Prostate Cancer: Aware and Confused
By Michael Kaufman
September, in case you didn’t know, is National Prostate Cancer Awareness Month. Maybe you haven’t heard of it because no one has come up with a clever symbol like the pink ribbon used to highlight breast cancer awareness. Neither breast cancer nor prostate cancer is anything to joke about but somehow this reminds me of an old joke about a mohel, whose job is to perform ritual circumcisions, who rents a storefront to drum up business. He puts a sign bearing his name and profession in the window. Then he decorates the rest of the window with herring.
“So,” asks the first person who enters, “why do you have herring hanging in the window?”
“What should I have in the window?”
Perhaps there is a bit of subconscious irony at play in thinking of the joke: The prostate is attached to bundles of nerves and blood vessels linked to the penis. Ritual circumcision occurs at the beginning of a male baby’s life at the tip of his penis, whereas the prostate gland, located just in front of the rectum, is a matter of concern for the aging adult male.
Be that as it may, prostate cancer is among the most common cancers for men living in the United States and continues to take a devastating toll on thousands of lives each year. After skin cancer, it is the second most common cancer in American men—second only to lung cancer as a cause of cancer deaths. The National Cancer Institute estimates that 238,590 new cases of prostate cancer will be reported in the U.S. in 2013 and that 29,720 men will die of the disease.

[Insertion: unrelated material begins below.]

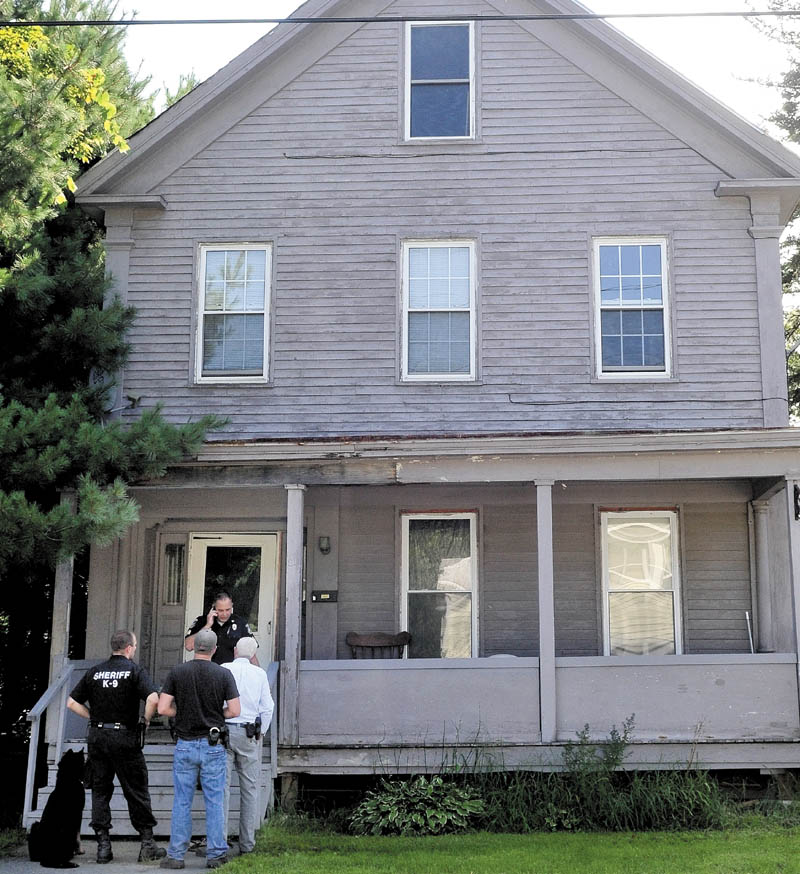 Police talk outside a home on Pleasant Street in Waterville after two men were arrested in connection with a drug robbery on Tuesday.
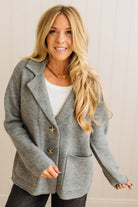 Blonde woman wearing a grey classic notched lapel sweater cardigan with tailored lines and patch pockets.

Thanks to recent advancements in treatment, however, nearly 100 percent of men are still alive five years after diagnosis of prostate cancer; more than 93 percent are alive 10 years after diagnosis, and approximately 79 percent are alive after 15 years. While those numbers are encouraging, the need for greater awareness remains: Prostate cancer rarely causes symptoms until the disease is far advanced and more difficult to treat. Thus, screening is essential for at least some men aged 40 and above.
Many men are resistant to screening because the physical evaluation begins with a digital rectal exam (DRE). As described in a Johns Hopkins Medicine White Paper on prostate disorders, the DRE, “which involves the insertion of a gloved, lubricated finger into the rectum, is mildly uncomfortable but extremely important.” I don’t know about you but I don’t like having “a gloved, lubricated finger” inserted into my rectum one bit. I waited three years before going to my most recent “annual” physical examination by my internist because my memories of past DREs made my skin crawl.
A couple of years ago the Prostate Cancer Foundation launched a brilliant campaign at the beginning of Prostate Cancer Awareness Month that used humor to try overcome men’s reluctance to undergo the DRE. The campaign, featuring a character named “Branko, the Prostate Czech” was a big success. (Watch the video at www.youtube.com/watch?v=6Wal7b6kXgU)
But the DRE is merely the first step in a dizzying process of diagnostic and potential treatment choices. At each step, starting with the Prostate Specific Antigen (PSA) test, there is widespread disagreement among medical specialists and conflicting sets of guidelines. As noted by the Mayo Clinic, “A number of major professional organizations and government agencies have weighed in on the benefits and risks of PSA testing. The American Cancer Society, the American Urological Association, the American College of Preventive Medicine, the Centers for Disease Control and Prevention, and the U.S. Preventive Services Task Force all recognize the controversy surrounding screening with the PSA test and the lack of firm evidence that screening can prevent deaths from prostate cancer.” The full Mayo Clinic explanation of the risks associated with prostate cancer screening is available at www.mayoclinic.com/health/psa-test/MY00180/DSECTION=risks
In August an international panel of experts at the Prostate Cancer World Congress in Melbourne, Australia, issued a five-point “consensus statement” in an attempt to bring clarity to the confusion that exists with existing guidelines and to offer “reasonable and rational guidance for the early detection of prostate cancer today.” I read the statement. I’m still confused.